The transient nature of mRNA delivery means that sustained benefits would require repeated administrations. Future work may focus on optimizing dosing schedules or developing longer-lasting formulations while maintaining the safety profile demonstrated in this study.

Conclusion

The ability to rejuvenate aged immune systems represents a major advance in our fight against age-related diseases.
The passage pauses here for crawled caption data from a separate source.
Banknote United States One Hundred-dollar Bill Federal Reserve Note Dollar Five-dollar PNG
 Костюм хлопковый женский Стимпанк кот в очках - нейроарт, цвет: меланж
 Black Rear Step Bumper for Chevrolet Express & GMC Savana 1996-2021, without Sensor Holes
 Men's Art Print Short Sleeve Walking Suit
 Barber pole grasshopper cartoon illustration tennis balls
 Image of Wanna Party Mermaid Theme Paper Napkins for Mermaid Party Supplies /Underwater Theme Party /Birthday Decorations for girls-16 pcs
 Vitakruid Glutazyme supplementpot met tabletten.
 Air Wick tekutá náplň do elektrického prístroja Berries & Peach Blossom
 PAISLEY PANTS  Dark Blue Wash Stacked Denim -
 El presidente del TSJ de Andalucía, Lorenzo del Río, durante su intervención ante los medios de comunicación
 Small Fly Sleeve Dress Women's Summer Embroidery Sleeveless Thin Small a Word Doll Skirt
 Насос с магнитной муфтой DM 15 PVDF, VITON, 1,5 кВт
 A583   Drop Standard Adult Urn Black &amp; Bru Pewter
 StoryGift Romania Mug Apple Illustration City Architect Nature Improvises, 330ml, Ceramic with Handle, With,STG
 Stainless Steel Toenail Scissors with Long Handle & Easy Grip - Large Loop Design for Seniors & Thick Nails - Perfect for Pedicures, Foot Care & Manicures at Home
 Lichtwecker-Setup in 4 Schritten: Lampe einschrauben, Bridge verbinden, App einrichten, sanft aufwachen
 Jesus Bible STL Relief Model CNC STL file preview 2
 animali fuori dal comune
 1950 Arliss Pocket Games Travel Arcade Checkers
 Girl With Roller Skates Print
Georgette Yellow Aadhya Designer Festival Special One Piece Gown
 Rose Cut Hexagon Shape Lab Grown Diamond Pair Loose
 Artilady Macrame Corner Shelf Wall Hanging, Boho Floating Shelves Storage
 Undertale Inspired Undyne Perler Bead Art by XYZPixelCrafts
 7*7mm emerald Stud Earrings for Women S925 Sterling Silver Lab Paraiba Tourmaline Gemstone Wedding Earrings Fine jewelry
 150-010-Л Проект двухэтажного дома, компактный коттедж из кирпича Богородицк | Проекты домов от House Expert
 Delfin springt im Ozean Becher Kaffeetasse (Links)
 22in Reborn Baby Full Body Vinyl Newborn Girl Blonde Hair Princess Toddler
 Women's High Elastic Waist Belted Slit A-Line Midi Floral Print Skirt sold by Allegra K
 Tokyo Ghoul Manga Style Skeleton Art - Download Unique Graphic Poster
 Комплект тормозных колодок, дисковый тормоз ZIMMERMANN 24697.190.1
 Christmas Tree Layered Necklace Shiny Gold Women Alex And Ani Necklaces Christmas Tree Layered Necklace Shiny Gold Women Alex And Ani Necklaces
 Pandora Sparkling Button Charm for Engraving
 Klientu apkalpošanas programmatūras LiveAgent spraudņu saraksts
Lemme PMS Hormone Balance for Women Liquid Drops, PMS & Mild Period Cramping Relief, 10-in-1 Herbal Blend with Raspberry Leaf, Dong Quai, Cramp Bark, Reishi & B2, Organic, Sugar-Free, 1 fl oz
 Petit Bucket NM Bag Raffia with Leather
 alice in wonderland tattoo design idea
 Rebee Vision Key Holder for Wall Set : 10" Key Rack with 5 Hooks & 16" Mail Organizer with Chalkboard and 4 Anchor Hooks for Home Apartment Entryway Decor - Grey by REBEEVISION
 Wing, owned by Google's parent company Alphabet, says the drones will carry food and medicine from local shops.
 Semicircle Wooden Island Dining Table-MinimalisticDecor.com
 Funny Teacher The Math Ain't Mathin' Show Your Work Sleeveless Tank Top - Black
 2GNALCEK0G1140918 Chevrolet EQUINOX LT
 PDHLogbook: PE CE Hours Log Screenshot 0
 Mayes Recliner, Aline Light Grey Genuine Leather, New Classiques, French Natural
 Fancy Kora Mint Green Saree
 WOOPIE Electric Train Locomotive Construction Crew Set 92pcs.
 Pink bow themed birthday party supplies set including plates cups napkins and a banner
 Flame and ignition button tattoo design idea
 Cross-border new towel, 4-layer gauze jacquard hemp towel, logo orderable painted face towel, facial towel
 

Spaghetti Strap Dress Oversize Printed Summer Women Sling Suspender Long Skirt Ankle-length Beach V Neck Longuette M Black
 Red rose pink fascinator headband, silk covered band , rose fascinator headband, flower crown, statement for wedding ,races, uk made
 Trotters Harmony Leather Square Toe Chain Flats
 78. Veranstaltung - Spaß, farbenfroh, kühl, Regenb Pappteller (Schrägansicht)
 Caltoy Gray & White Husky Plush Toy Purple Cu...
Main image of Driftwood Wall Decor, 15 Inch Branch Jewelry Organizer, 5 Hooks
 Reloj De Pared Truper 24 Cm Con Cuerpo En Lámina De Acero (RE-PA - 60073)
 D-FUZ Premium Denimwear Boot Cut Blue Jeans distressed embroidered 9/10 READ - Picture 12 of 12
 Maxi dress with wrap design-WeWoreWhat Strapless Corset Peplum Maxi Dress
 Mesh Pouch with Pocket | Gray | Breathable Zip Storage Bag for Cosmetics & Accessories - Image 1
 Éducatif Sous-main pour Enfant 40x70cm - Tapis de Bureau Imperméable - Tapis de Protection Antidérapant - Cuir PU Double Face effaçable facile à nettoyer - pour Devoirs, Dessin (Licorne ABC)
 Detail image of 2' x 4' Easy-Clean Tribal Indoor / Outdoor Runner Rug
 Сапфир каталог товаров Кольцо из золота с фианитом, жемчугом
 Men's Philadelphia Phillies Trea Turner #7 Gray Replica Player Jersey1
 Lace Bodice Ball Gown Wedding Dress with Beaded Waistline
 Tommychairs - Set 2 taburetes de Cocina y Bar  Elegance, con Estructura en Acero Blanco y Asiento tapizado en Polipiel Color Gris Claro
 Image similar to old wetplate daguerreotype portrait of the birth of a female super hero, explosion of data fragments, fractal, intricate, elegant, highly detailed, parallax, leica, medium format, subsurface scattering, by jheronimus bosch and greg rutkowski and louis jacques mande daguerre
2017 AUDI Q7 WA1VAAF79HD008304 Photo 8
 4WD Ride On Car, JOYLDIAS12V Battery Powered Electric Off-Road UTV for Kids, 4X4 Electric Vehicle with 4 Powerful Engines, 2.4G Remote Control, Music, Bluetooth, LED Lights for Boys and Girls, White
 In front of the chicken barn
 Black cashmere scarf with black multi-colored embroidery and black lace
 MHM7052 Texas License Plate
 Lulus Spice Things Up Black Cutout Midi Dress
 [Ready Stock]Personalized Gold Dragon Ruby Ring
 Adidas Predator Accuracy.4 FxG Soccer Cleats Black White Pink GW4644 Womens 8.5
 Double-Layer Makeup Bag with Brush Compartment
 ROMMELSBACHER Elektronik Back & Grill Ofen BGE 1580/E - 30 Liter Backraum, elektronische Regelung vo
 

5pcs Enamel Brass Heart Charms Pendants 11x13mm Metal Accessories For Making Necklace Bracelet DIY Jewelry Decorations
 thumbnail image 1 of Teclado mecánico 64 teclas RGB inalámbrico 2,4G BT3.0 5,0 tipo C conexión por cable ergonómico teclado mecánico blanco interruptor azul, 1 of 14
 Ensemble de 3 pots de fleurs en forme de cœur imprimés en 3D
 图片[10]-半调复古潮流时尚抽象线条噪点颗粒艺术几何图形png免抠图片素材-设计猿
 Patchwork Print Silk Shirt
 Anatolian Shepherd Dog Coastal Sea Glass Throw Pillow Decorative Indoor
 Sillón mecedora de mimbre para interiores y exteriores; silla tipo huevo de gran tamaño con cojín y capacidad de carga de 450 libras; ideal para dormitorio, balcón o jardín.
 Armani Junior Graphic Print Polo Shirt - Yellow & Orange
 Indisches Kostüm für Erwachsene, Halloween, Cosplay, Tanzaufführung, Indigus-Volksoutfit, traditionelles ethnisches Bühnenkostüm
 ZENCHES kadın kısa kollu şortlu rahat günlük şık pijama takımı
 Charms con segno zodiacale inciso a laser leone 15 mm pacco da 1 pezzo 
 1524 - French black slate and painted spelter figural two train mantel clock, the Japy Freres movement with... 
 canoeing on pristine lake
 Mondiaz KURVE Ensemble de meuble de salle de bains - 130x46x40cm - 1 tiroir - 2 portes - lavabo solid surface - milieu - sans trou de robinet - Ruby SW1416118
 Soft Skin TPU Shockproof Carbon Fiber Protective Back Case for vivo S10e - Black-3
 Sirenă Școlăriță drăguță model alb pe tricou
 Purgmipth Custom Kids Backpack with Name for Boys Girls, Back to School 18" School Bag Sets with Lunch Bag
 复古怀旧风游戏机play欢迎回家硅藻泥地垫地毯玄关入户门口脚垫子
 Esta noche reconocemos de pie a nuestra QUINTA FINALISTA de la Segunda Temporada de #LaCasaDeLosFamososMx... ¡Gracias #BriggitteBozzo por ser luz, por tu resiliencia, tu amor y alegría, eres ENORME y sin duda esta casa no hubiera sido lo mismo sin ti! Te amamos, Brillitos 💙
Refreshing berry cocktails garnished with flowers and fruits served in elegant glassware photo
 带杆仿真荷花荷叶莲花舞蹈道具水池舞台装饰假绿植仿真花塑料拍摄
By combining mRNA technology with precise immune modulation, researchers have developed a strategy that addresses multiple aspects of immune aging simultaneously while maintaining safety and reversibility.

As our population ages and faces increasing challenges from infections, cancer, and vaccine-resistant pathogens, approaches like hepatic reconstitution of immune factors offer hope for maintaining immune resilience throughout life. This research not only provides a potential therapy for immune aging but also establishes a new framework for using mRNA and the liver to restore declining physiological functions—a concept that could extend far beyond immunology to address numerous age-related conditions.